Cafe Life

Cafe Life


Takashi Endo

“It wasn't enough just to provide good coffee. We wanted to bring the hospitality of Japanese culture to Cafe Life.”

From a young age, Café Life co-founder, Takashi Endo, had dreamt of one day owning a coffee shop. Growing up in Japan, he developed an interest in coffee early on, frequenting specialty cafes like his favorite, Café de Lambre in Ginza which has been open since 1948.

While working for an investment company in Japan, he was moved to Hong Kong in 2012 and quickly found a lack of specialty coffee shops that provided the same hospitality and experience that he was accustomed to in Tokyo. When the revitalized PMQ in Central opened its doors in 2014, Endo-san took the opportunity to share his passion with a shop that not only offered great coffee, but also provided the hospitality of Japanese culture. This thinking influenced even the layout of the shop and is the reason why when you step into PMQ today, the seating is in a long bench directly facing the barista counter so that he could chat and get to know each customer.

We asked Endo-san about his philosophy on coffee and his passion for the industry was evident as he took out his notebook to draw out his thoughts. “There are 3 key things that make up the quality of roasted coffee: the quality of the green beans, suitable roasting for that bean and the time between roasting and consuming” says Endo-san. “We’ve chosen air roasting over drum so that we could roast our coffee in-store every day in smaller batches. This way, the beans are always at their freshest. It also cuts down the labour cost so that we can afford to source higher quality beans.”

His connection to his motherland is still strong as all of his beans come from his supplier in Japan. “In Japan, the coffee market is much bigger and because of the volume being imported, our supplier is able to source higher quality beans at a lower price” says Endo-san. “They are incredibly detailed oriented and use a very strenuous screening process to check the quality of the beans, filtering out anything that doesn’t meet the standard”.

Endo-san also tries every batch of coffee himself but not usually by cupping as most third wave shops do. He sees cupping as just one way of learning and discovering coffee but he prefers to simply brew them in the same way that his customers would so that he can experience it in the same way.

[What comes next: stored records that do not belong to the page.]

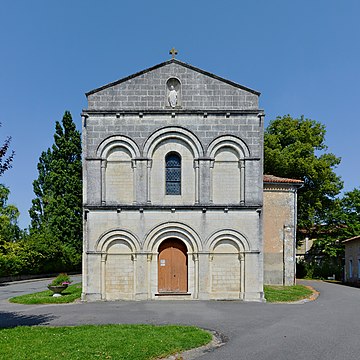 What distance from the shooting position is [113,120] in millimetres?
19531

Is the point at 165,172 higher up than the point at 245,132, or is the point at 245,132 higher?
the point at 245,132

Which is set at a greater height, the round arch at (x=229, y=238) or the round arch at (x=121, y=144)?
the round arch at (x=121, y=144)

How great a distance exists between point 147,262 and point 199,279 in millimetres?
2417

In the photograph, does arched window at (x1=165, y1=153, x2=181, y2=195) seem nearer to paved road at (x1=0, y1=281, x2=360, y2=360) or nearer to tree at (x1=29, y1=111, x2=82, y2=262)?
paved road at (x1=0, y1=281, x2=360, y2=360)

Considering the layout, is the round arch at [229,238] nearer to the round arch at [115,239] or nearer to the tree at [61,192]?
the round arch at [115,239]

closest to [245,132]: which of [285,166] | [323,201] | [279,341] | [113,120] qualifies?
[113,120]

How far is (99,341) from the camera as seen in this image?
9.77 meters

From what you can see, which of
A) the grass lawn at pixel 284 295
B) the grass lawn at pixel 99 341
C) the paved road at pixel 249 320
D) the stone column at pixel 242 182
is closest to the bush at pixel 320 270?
the grass lawn at pixel 284 295

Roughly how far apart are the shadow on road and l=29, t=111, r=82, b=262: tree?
27306 millimetres

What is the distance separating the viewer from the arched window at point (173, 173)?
64.5 feet

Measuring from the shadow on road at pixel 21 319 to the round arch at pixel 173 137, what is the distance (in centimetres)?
824

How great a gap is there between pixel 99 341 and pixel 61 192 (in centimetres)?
3653

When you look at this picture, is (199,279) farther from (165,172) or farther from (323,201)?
(323,201)

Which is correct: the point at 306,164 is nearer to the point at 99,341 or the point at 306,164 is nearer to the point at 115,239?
the point at 115,239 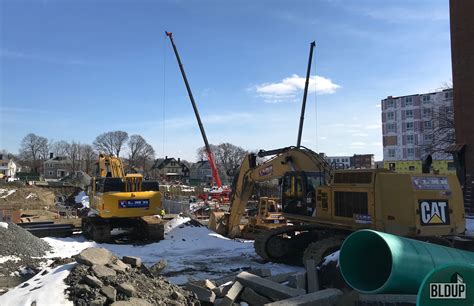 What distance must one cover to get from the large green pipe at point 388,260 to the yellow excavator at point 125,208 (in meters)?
11.0

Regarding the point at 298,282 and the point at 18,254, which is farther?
the point at 18,254

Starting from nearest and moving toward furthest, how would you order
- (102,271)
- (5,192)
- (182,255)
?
(102,271)
(182,255)
(5,192)

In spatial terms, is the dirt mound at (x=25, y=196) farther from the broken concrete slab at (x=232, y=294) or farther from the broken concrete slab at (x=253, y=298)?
the broken concrete slab at (x=253, y=298)

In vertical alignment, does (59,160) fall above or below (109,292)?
above

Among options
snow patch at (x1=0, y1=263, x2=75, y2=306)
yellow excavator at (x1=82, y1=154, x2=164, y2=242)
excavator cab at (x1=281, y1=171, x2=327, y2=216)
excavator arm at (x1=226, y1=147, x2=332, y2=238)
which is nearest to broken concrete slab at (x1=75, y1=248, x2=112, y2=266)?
snow patch at (x1=0, y1=263, x2=75, y2=306)

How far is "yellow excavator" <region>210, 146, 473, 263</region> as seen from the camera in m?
10.1

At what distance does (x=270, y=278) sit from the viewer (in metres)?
8.83

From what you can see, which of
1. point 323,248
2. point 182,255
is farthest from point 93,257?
point 182,255

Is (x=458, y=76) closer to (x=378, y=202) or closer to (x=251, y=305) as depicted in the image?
(x=378, y=202)

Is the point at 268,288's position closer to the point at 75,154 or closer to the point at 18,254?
the point at 18,254

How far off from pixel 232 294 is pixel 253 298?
36 cm

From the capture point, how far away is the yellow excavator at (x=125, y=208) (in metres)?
16.0

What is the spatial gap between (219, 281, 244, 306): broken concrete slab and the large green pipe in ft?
7.11

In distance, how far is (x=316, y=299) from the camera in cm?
669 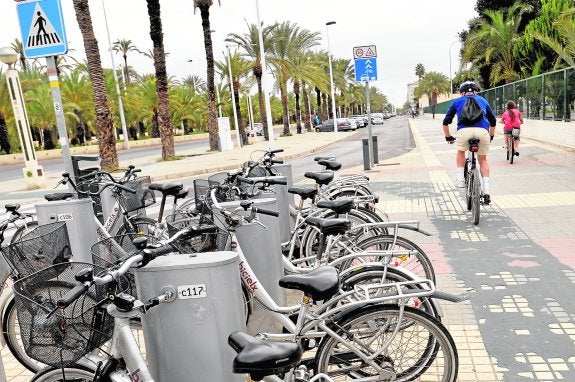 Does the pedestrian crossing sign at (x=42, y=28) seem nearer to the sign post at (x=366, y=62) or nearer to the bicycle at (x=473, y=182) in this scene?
the bicycle at (x=473, y=182)

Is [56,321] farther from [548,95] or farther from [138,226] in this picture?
[548,95]

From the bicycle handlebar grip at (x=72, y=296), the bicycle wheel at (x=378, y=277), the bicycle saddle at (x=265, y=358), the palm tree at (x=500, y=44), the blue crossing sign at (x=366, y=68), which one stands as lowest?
the bicycle wheel at (x=378, y=277)

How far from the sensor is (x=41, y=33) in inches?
243

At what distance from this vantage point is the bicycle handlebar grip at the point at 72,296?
2.11 m

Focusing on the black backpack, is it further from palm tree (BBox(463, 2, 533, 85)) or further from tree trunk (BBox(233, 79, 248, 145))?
palm tree (BBox(463, 2, 533, 85))

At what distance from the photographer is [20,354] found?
12.6 ft

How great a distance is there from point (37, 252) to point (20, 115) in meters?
14.3

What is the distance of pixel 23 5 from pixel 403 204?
6378 millimetres

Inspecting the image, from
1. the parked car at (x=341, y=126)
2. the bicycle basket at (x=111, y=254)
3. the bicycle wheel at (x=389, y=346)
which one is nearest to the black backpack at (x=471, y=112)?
the bicycle wheel at (x=389, y=346)

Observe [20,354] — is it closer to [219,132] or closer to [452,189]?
[452,189]

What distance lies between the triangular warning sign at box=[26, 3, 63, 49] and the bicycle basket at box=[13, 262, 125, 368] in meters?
4.62

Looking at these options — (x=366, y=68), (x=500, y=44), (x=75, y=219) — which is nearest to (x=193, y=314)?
(x=75, y=219)

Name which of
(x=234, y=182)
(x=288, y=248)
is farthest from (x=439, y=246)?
(x=234, y=182)

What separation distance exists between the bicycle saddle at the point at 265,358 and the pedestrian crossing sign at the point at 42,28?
5512 millimetres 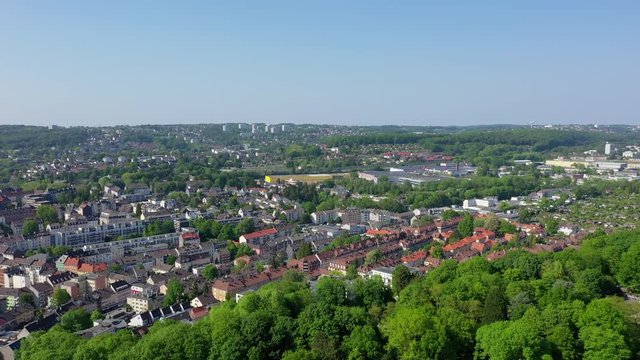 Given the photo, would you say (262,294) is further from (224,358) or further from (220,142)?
(220,142)

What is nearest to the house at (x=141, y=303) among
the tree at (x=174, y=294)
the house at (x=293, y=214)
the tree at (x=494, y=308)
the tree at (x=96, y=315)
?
the tree at (x=174, y=294)

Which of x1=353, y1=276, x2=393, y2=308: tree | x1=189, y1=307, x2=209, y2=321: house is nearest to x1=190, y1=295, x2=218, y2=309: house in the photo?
x1=189, y1=307, x2=209, y2=321: house

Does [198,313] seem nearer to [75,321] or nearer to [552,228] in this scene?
[75,321]

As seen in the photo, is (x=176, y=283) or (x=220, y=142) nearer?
(x=176, y=283)

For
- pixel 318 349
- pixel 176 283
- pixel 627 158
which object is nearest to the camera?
pixel 318 349

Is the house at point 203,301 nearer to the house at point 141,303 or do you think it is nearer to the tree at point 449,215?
the house at point 141,303

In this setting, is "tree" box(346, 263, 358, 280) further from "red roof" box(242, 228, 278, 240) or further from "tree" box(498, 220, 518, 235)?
"tree" box(498, 220, 518, 235)

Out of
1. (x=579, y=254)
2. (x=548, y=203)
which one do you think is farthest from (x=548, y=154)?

With a few sips of coffee left in our cup, we took the chance to ask him a few personal questions.

What is your favorite way of making coffee?
Nel drip – this is one of the most traditional Japanese styles using a flannel cloth dripper. It retains more of the coffee oil that is missing when using paper filters, leaving a makes a rich, velvety and sweet cup of coffee. When we didn’t have a lot of money back then, we couldn’t afford to throw away paper filters so we’d cut up old shirts and make the drippers ourselves. It uses a much lower ratio than the typical drip at 18g of coffee to 50g of water, served in a piccolo glass.

Which region’s coffee do you prefer?
Tanzania is my favorite year round. The Indonesian is also a favorite of mine that I love drinking over ice in the summer.

What's your favorite drink (that isn't coffee)

What were you doing before UCR?
Working for an investment company.

What’s your favorite suburb in Hong Kong?
I love the Star Street area in Admiralty because it reminds me a lot of one of my favorite areas in Japan, Aoyama.

How do you spend your days off?
I’m a big fan of soccer and have joined a team since moving here.